Credi che il ruolo dell’interprete nel tuo settore abbia un adeguato riconoscimento? Ci sono problematiche aperte rilevanti?

Come detto prima, credo che il nostro ruolo sia sempre più riconosciuto come fondamentale; purtroppo ancora oggi qualcuno fatica a comprendere come non sia una semplice“spesa”, ma anzi un vero e proprio investimento, assumere un interprete nell’ambito di certi eventi comunicativi. Credo che l’introduzione di una nuova competizione europea, con squadre provenienti da Paesi dalle lingue dette “rare”, abbia reso più difficile la ricerca di interpreti professionisti in alcune occasioni.

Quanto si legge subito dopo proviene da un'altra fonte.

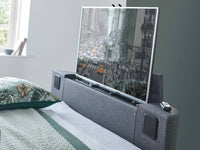Eston 2.1 Ottoman TV Bed in Grey Fabric Built in Speakers & 43" TV Capacity — view 4 – image 4 of 7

Per concludere: quale è stata negli anni la tua esperienza più gratificante? E quella che invece vorresti dimenticare?

Per fortuna non c’è un’esperienza che vorrei dimenticare; è gratificante tradurre discorsi a chi comprende la lingua originale e approva poi la tua resa nella lingua d’arrivo. Ultimamente mi è capitato anche di tradurre più di due lingue nella stessa conferenza stampa, ed è stato bello riuscire ad accontentare tutti; ammetto, però, che alla fine si rischia di dimenticare quale sia la lingua madre!